#### PROMPT:
From the line with "Y/n maze runner Season 2 Part 35" to the end of the data below, restate each line word for word, both ends included, without the pictures.

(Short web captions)

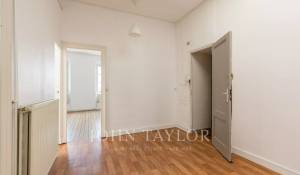 Alquiler Piso Bordeaux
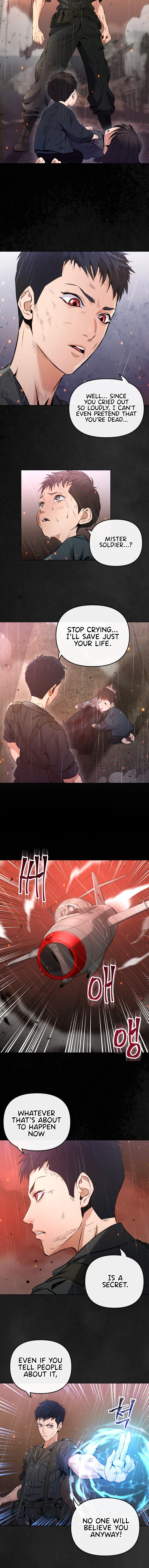 Page 6 of Chapter 0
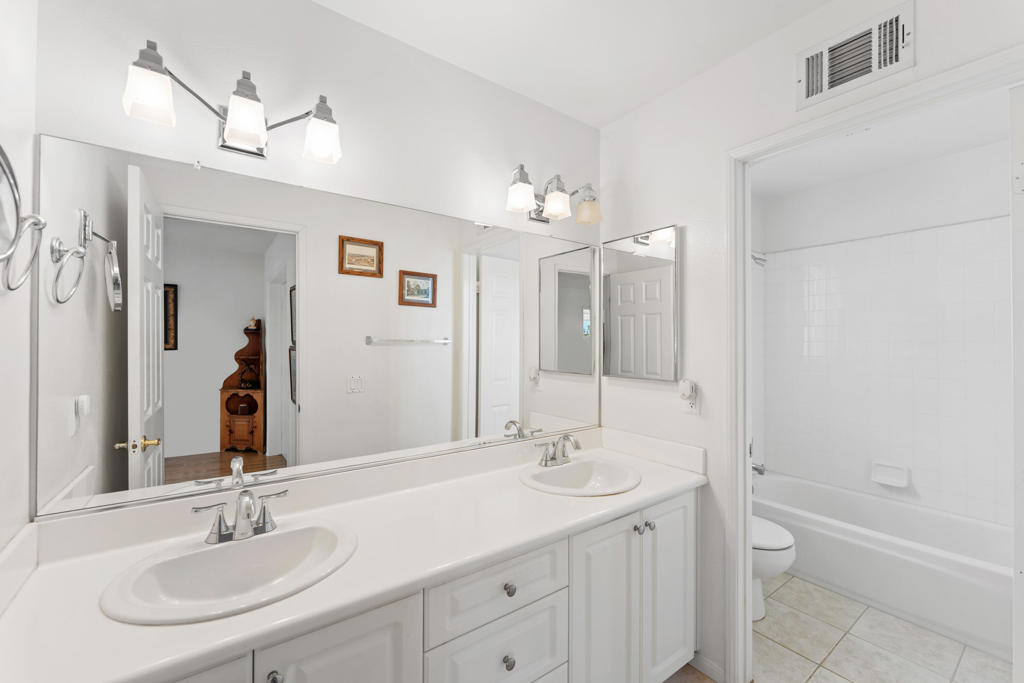 2039 Alborada Drive Property Photo 42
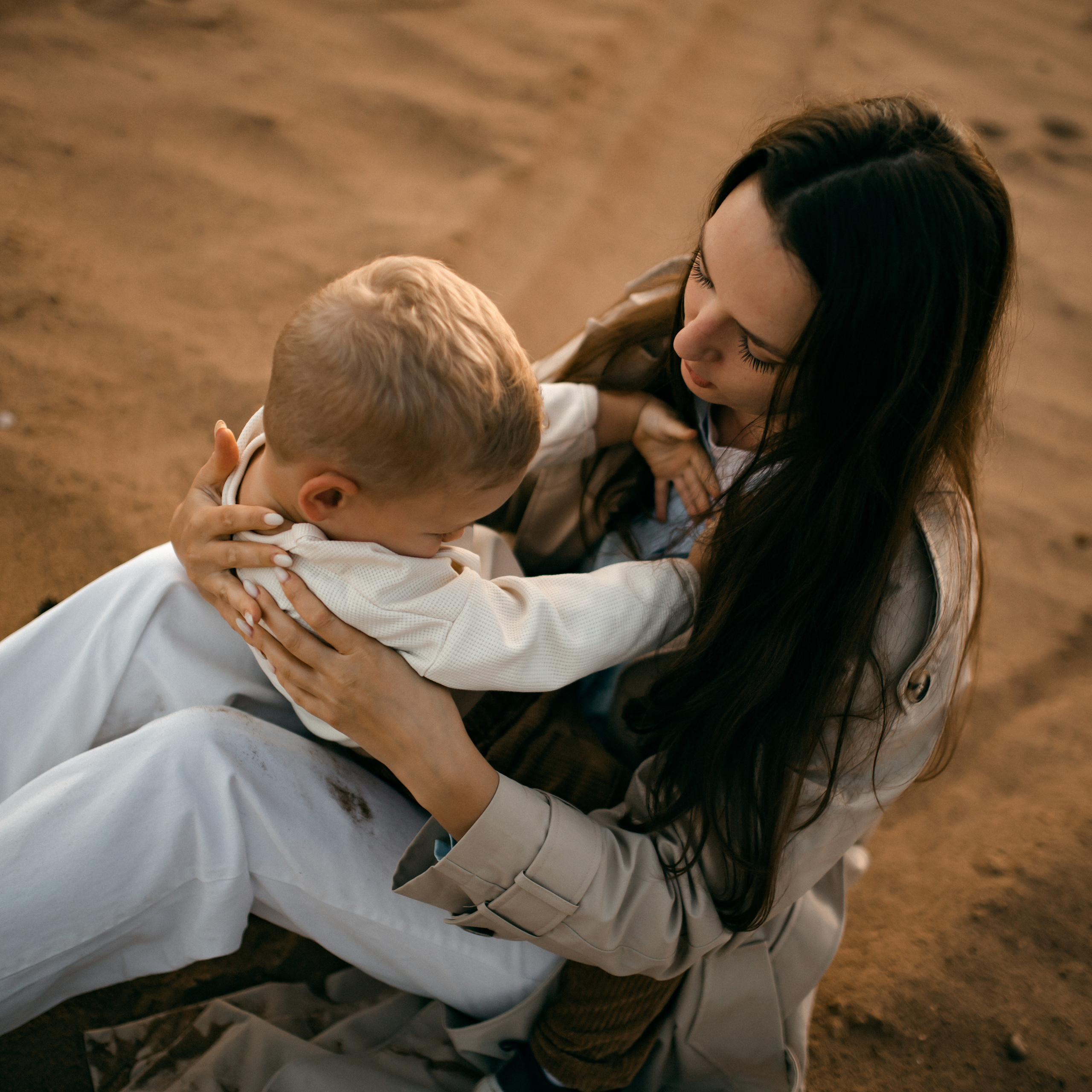 Теплая осень. Lapeelapki | ФОТОГРАФИРУЮ СЧАСТЬЕ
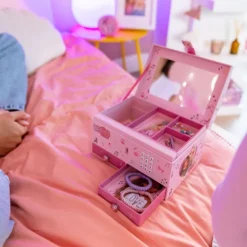 Joyero Grande con Código y Sonido My BFF><noscript><img width=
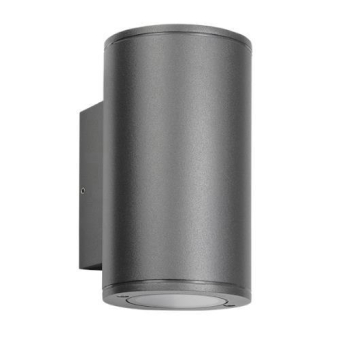 DOTLUX LED Wandleuchte            4750-1 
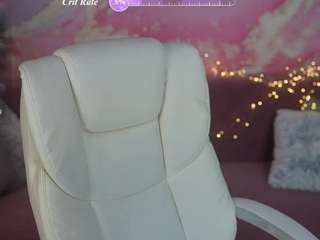 foxyrayy live webcam show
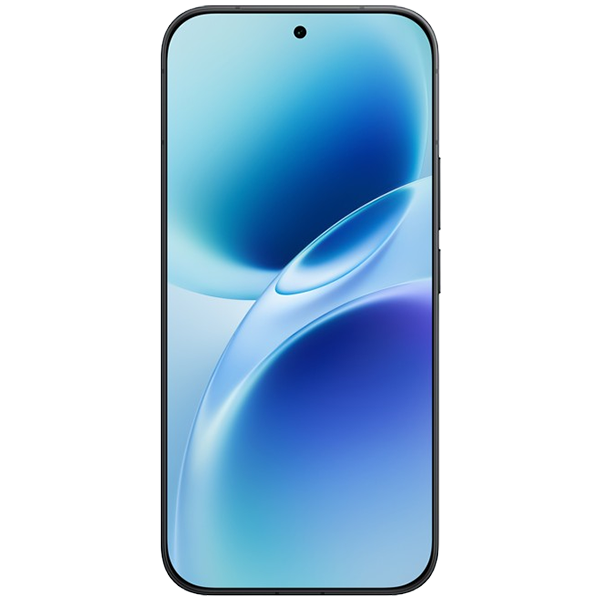 Vivo V70 5G Price in Pakistan, Specs & Features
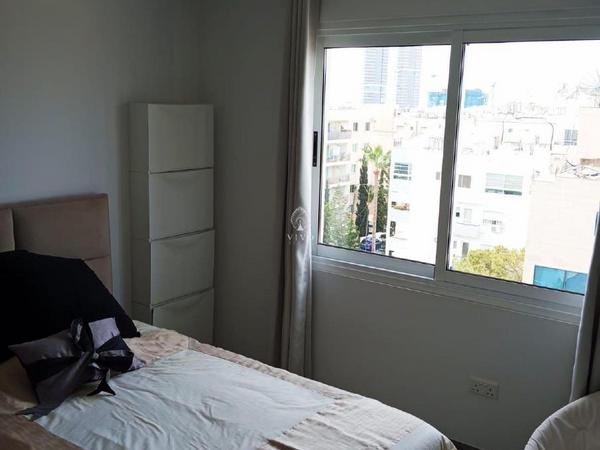 2 bedroom apartment for sale neapolis limassol 1811273 image 14322899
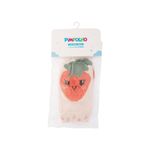 joelheira-ludica-06-a-12-meses-feminino-pimpolho-300753_1_emb.jpg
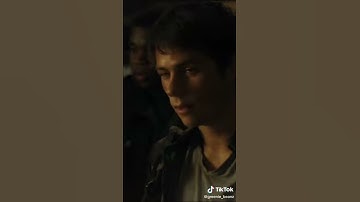 Y/n maze runner Season 2 Part 35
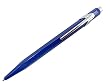 �yCARAN d'ACHE/�J�����_�b�V���z�I�t�B�X���C��849�@�{�[���y�� �u���[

#### ANSWER BOX:
 Y/n maze runner Season 2 Part 35
 �yCARAN d'ACHE/�J�����_�b�V���z�I�t�B�X���C��849�@�{�[���y�� �u���[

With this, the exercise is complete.